A lição aqui é clara: para criar produtos que "falam por si", muitas vezes é preciso desafiar as próprias estruturas e processos da empresa. O sucesso do programa provou que valeu a pena.
Case Study 2: O JIP e o "Cockpit" para Product Managers
Talvez o insight mais relevante para a nossa comunidade de produto tenha sido a revelação sobre o "Jeito Itaú de Produtar" (JIP). A equipe de produto mapeou um problema interno massivo:
"Chegamos a mapear 56 ferramentas que um PM precisaria usar para produtar. Não há mecanismo que ajude, não há procedimento, não há nada. Ou você vai deixar de fazer, ou você vai fazer errado porque não entende."
A solução? Criar um produto para os próprios produtos. Um "cockpit para PMs", uma ferramenta unificada que nasceu de um discovery de dois dias na ZUP e, em semanas, já tinha um protótipo rodando.

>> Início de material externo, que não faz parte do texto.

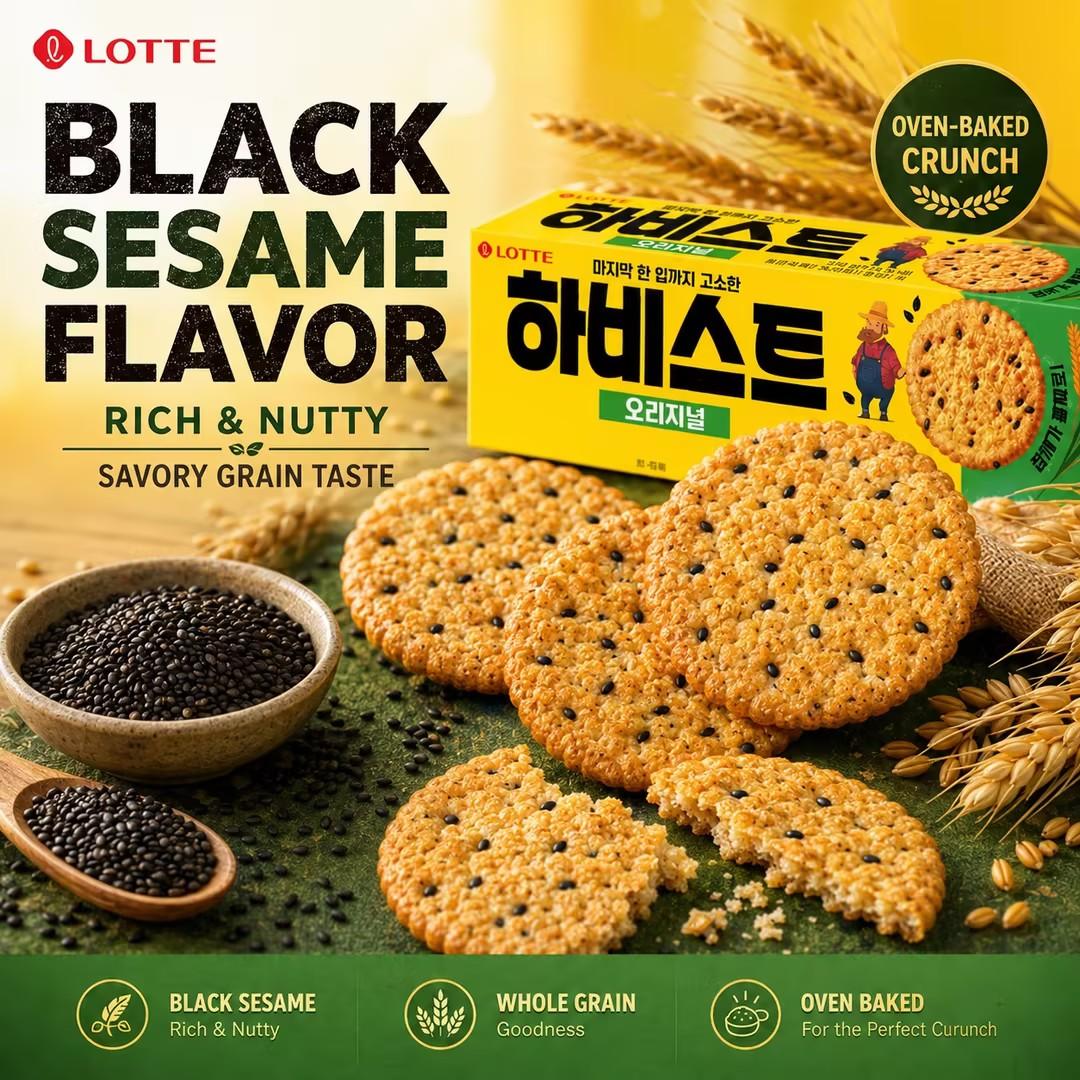 Lotte Harvest Black Sesame Crackers 100g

O objetivo não é apenas a eficiência. É sobre liberar o tempo dos PMs para que foquem no que realmente importa: entender o cliente e a estratégia. A filosofia por trás do JIP encapsula a nova cultura de produto do banco:
"A gente entendeu que nunca vai estar pronto. E a gente, no banco, sempre teve a angústia de 'só posso ir para fora quando está pronto, tudo perfeito'. Essa oportunidade de entender que não está pronto e que você vai aprender construindo, coletando mais feedback, mais experimentação, acho que ajuda demais."
A Fronteira da Inovação: Itaú as a Service (IaaS)
O painel também explorou o futuro, e ele vai muito além do app. A estratégia de Banking as a Service (BaaS), ou como eles chamam internamente, Itaú as a Service (IaaS), representa uma mudança fundamental no modelo de negócio.
A lógica é simples: em vez de apenas oferecer produtos financeiros aos seus próprios clientes, o Itaú está "plugando" sua infraestrutura robusta (pagamentos, crédito, etc.) em ecossistemas de outras grandes empresas, como a Porto.
"A lógica de Banking as a Service, de você conseguir entregar soluções financeiras através de APIs, ela é nova. E nossos clientes do atacado têm, dentro da estratégia deles, construir um ecossistema financeiro. E eles batem na nossa porta falando: 'Itaú, eu quero alguém de confiança para me ajudar nessa jornada estratégica'."
Isso não é competir com os próprios produtos. É atender a uma demanda latente de mercado, aprofundar o relacionamento com clientes corporativos e, fundamentalmente, estar onde o cliente final está, mesmo que fora do ambiente Itaú. É uma visão de plataforma que mostra como a inovação pode vir da abertura, e não apenas do controle.
O Elo Comum: A Paixão pelo Problema
O que conecta todos esses pontos — cultura, cases e estratégia? A resposta veio em um mantra que todo bom profissional de produto conhece, mas que é sempre bom reforçar:
"O produteiro tem que tomar muito cuidado para não ter paixão pelo que ele faz. Ele tem que gostar de ter problema. Quando vem um problema novo, você não pode falar 'nossa, que problema novo'. Você tem que falar 'cara, que legal, um problema novo para resolver'."
No fim, o "Jeito Itaú" parece ser exatamente isso: uma busca incessante e apaixonada por problemas relevantes a serem resolvidos. É essa paixão que transforma uma instituição centenária em uma máquina de inovação contínua.